ACTIVITY: Starting at the line that contains "In gara 80 ragazzi da 20 Istituti)", copy every line through the end of the records below exactly as written, leaving out pictures.
BEGIN
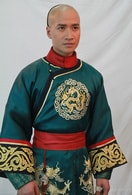 何晟銘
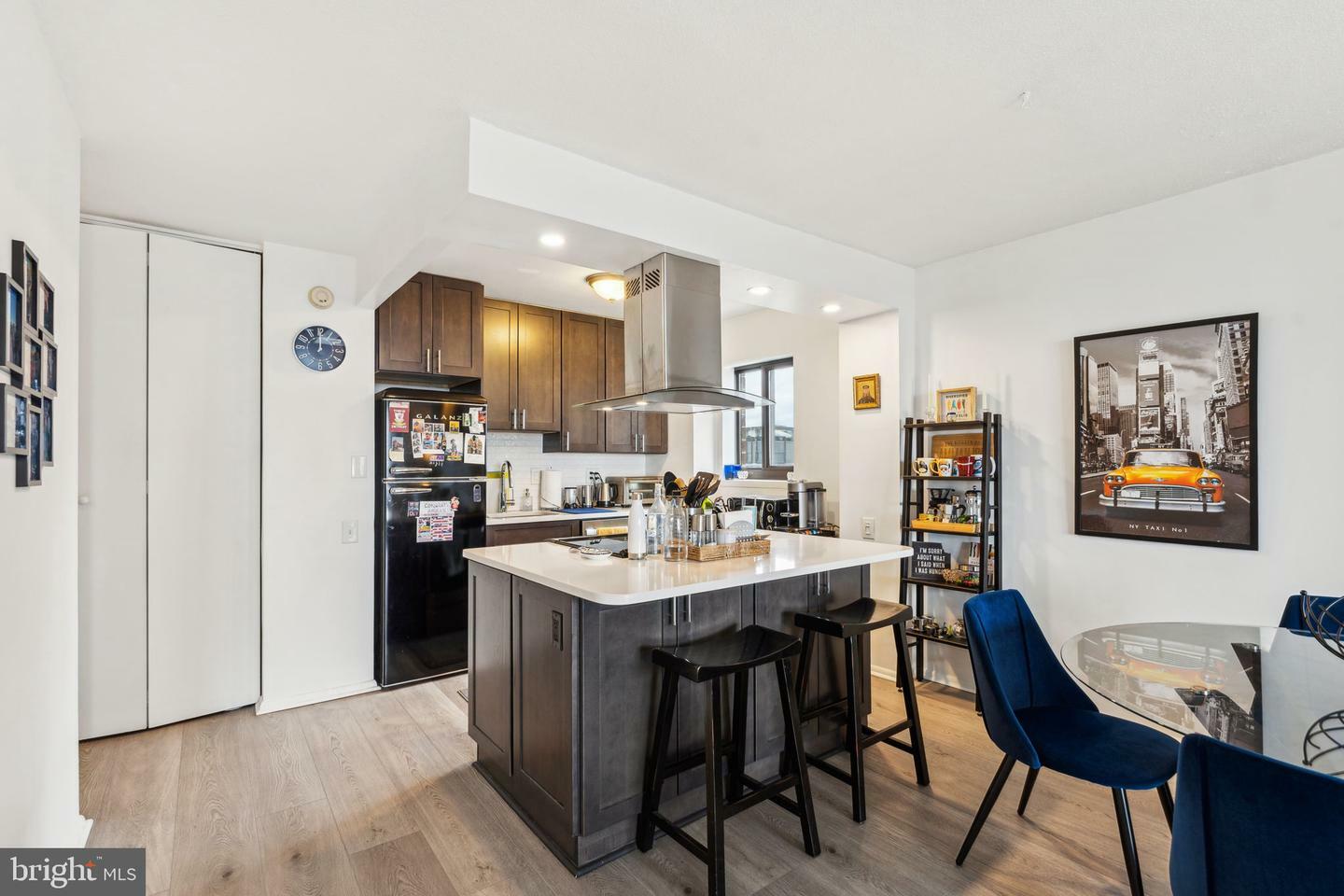 Property Photo: 1420 Locust Street 17R PA 19102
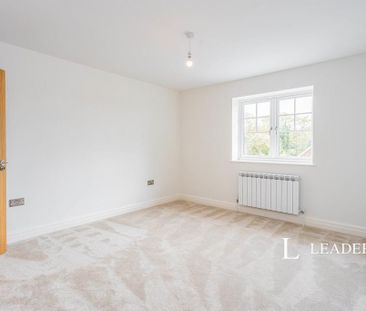 4 bedroom semi-detached house to rent - Photo 3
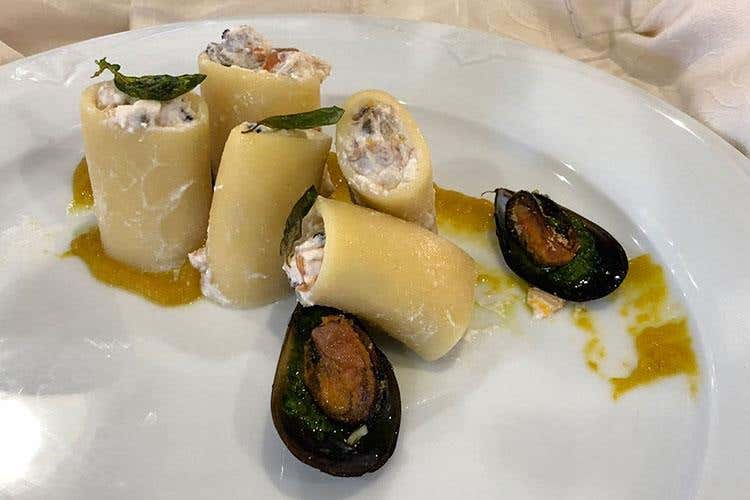 (Concorso Caroli Hotels per alberghieri 
In gara 80 ragazzi da 20 Istituti)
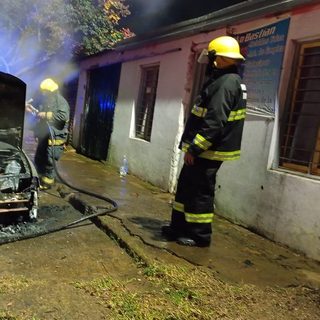 Balearon una vivienda y quemaron un auto en Alvear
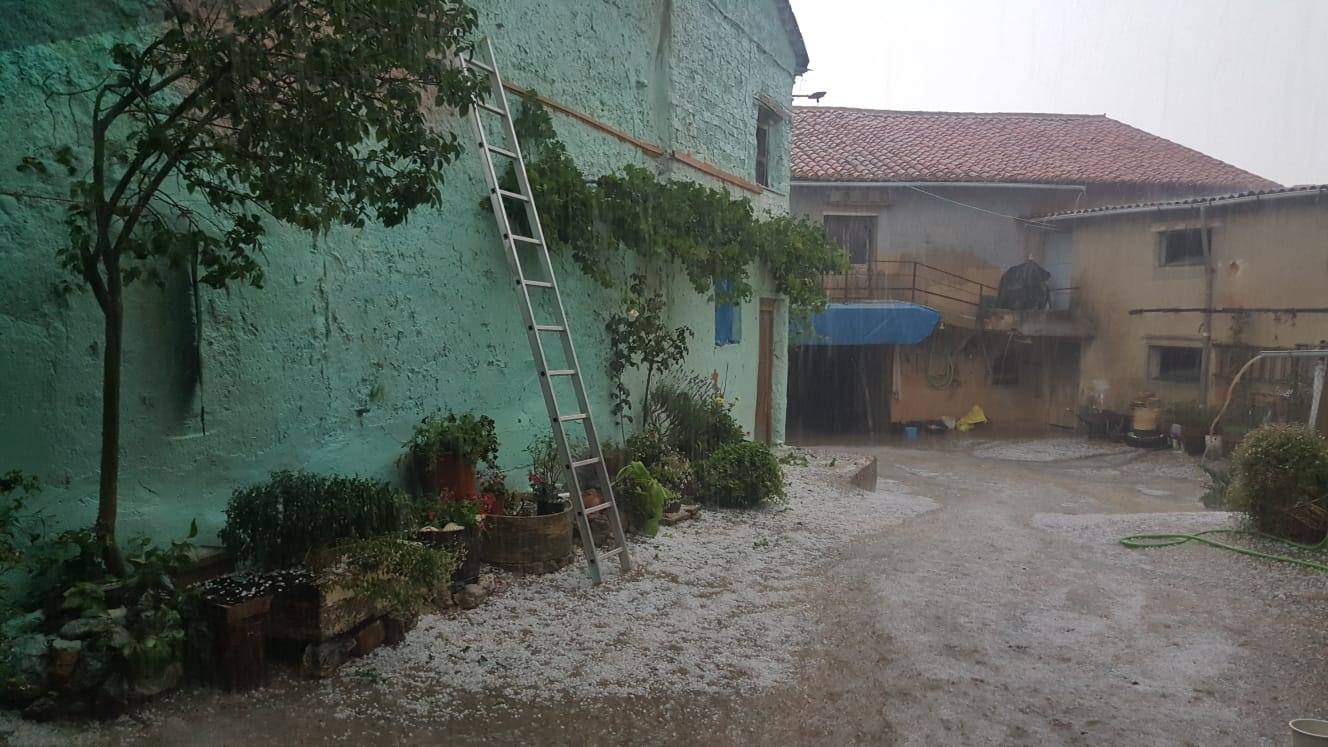 Fotos: Intensa granizada en el Sur de León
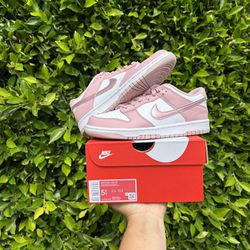 Nike Dunk Low Pink Velvet Size 5.5y / 7w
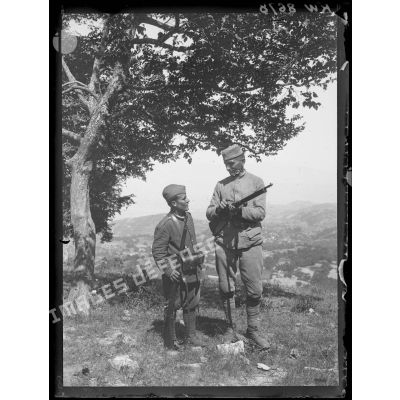 [Macédoine. Radogo-Bas. Deux soldats serbes préparant leurs fusils.]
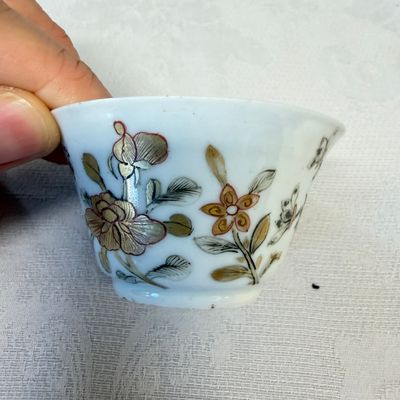 A set of six Chinese silver and gilt-decorated 'Pheasants Among Flowering Branches' tea bowls and saucers — photo 22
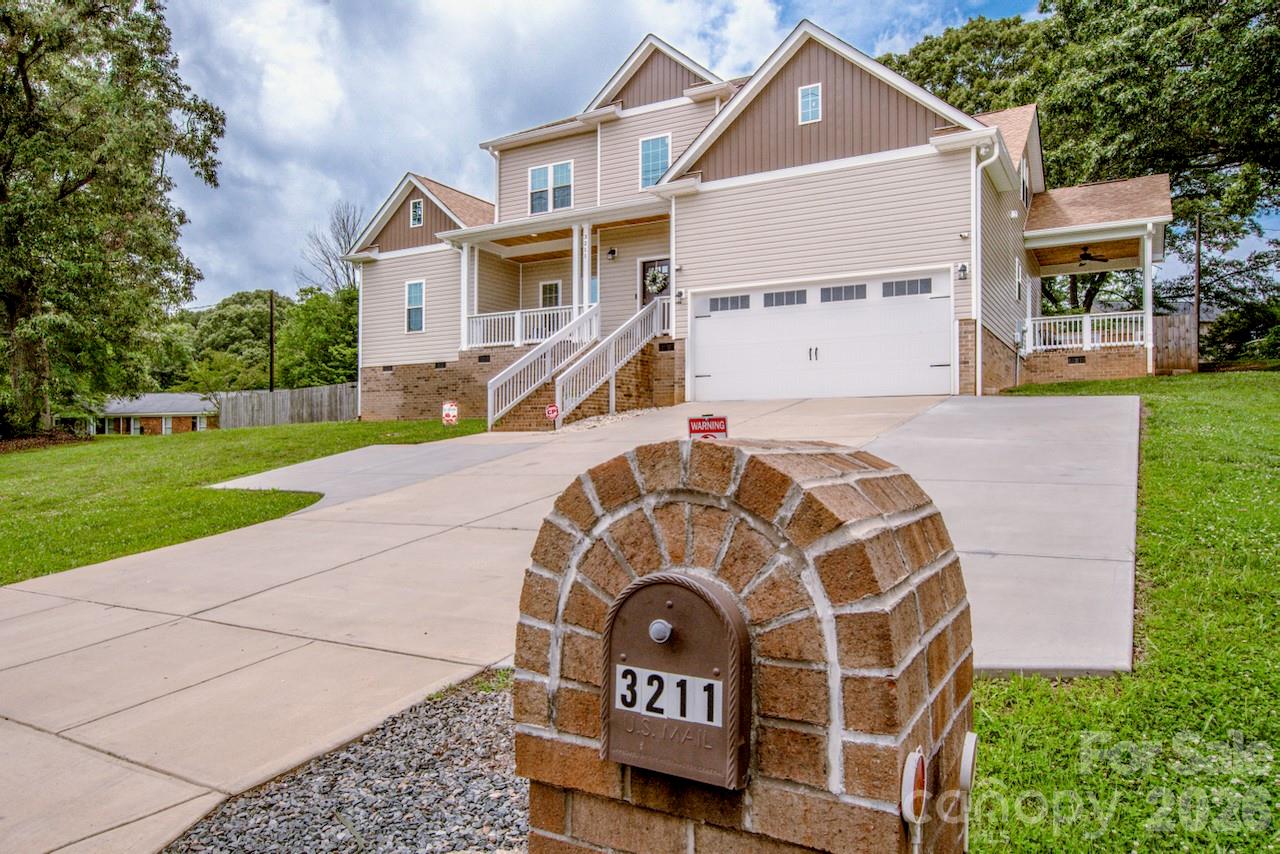 3211 Oakdale Road Charlotte NC 28216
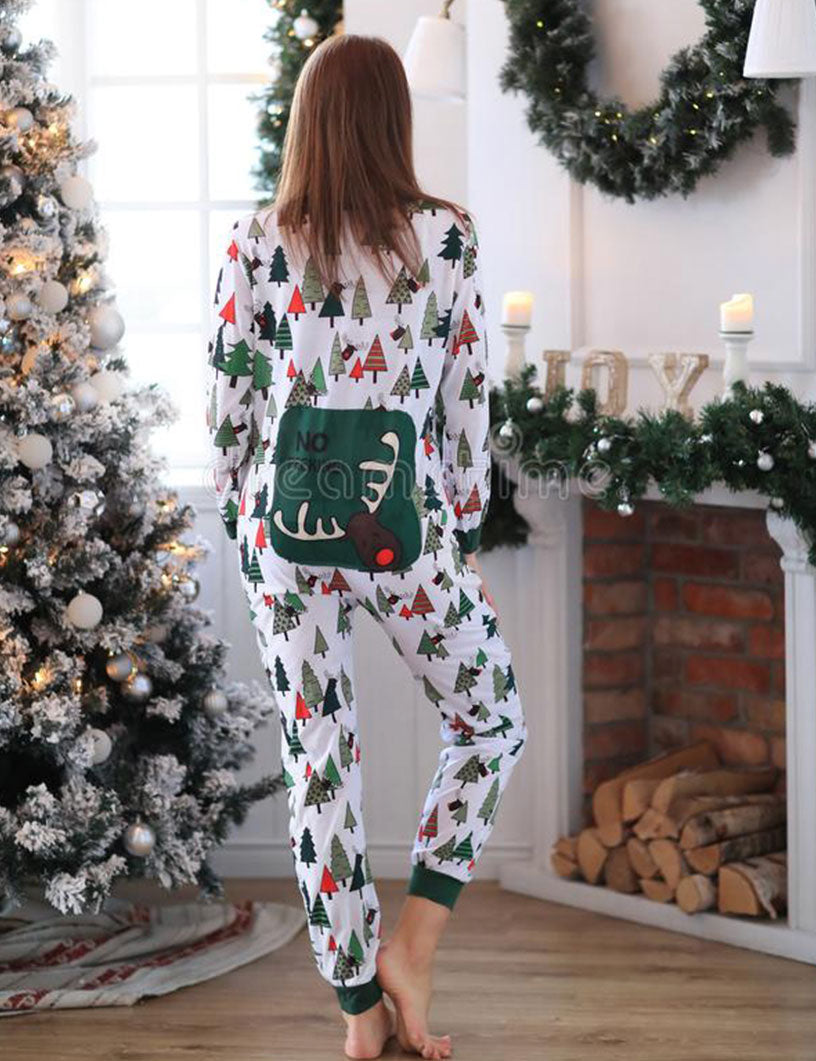 Groene bijpassende onesie-pyjama met kleine kerstboomprint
END
SOLVED EXERCISE:
In gara 80 ragazzi da 20 Istituti)
 Balearon una vivienda y quemaron un auto en Alvear
 Fotos: Intensa granizada en el Sur de León
 Nike Dunk Low Pink Velvet Size 5.5y / 7w
 [Macédoine. Radogo-Bas. Deux soldats serbes préparant leurs fusils.]
 A set of six Chinese silver and gilt-decorated 'Pheasants Among Flowering Branches' tea bowls and saucers — photo 22
 3211 Oakdale Road Charlotte NC 28216
 Groene bijpassende onesie-pyjama met kleine kerstboomprint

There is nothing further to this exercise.